I haven't done any benchmarks on this, but I strongly suspect that $_SESSION[] will always be a little slower than normal variables for writes, because it's backed by the filesystem or database. Even if all $_SESSION[] storage is cached, there will still be more CPU and memory activity involved in using it than in using variables that are only held locally. For reads, there will still likely be a small difference, but it'll be negligible compared to other factors.

So the comment above is right on the money. You have other areas of optimization that are more important than this one.

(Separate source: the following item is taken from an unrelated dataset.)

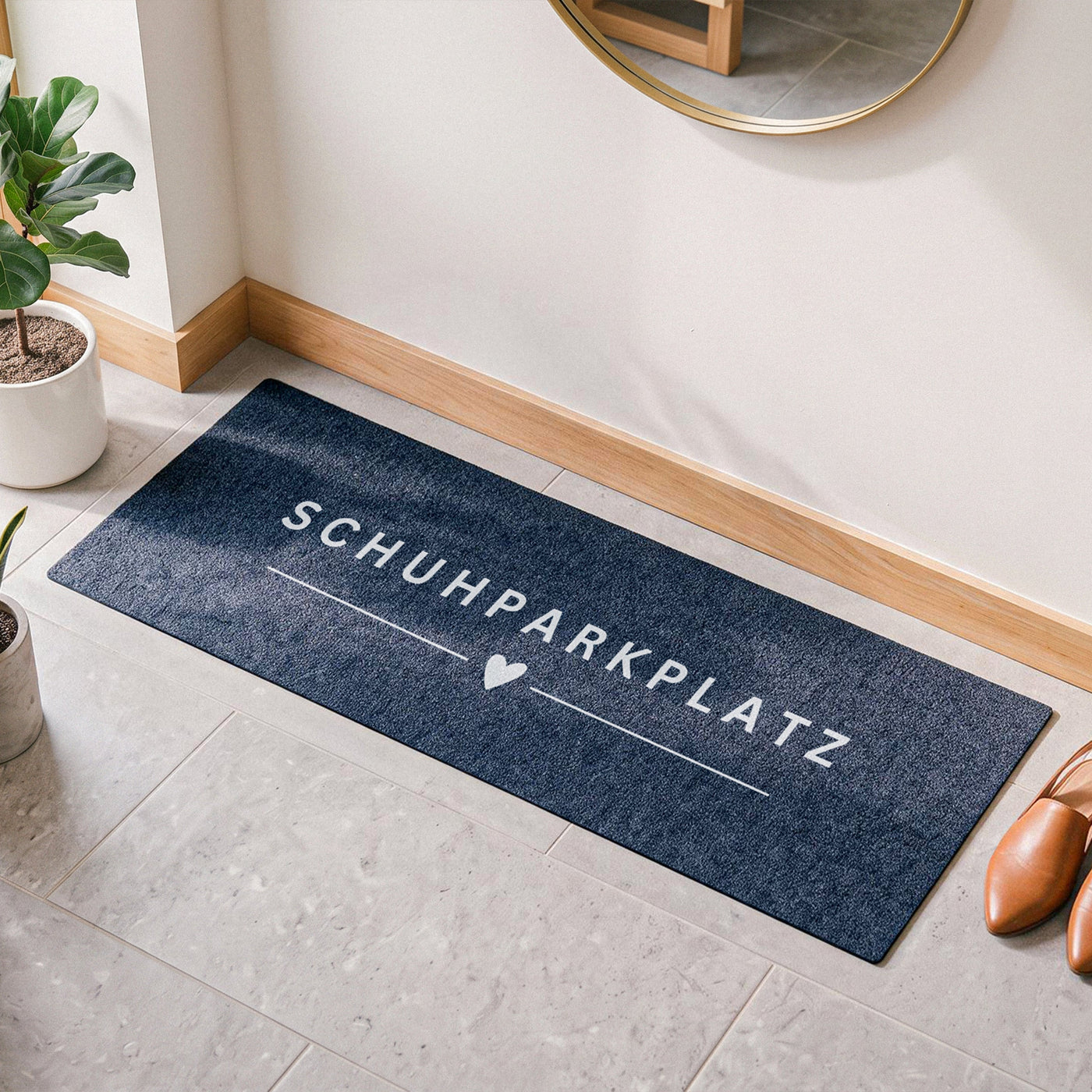 Schmale anthrazite Fußmatte mit weißem Aufdruck „SCHUHPARKPLATZ“ und Herz-Motiv (100x35 cm), platziert auf hellen Fliesen im skandinavisch eingerichteten Flur neben braunen Schuhen und Zimmerpflanzen.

If you're looking to improve performance, consider duplicating some of your input validation in JavaScript. (Don't REPLACE server-side validation, as JS is not universal; just consider ways to avoid requiring it if possible.)

2 Comments

@Graham Not sure you're right about the filesystem factor. The file writing only happens once when the variable is serialized at the end of script execution. While using sessions does add overhead to the script execution, it doesn't impact variable access performance.
I wasn't aware that $_SESSION was only serialized and written when the script finishes. For the sake of argument, I suppose the OP's question "is it faster from then on" could be considered specifically within the context of the script or holistically with the server. If in general you're making changes to $_SESSION variables needlessly, you are generating more filesystem writes than you need, which slows down the whole server. But of course, this is spurious; I agree that the impact would be negligible.
1

There is a marginal difference in performance. When I say marginal, I mean really, really small. The fact that it's the $_SESSION array doesn't have any bearing performance. It's the associative array lookup that takes slightly longer than accessing a variable.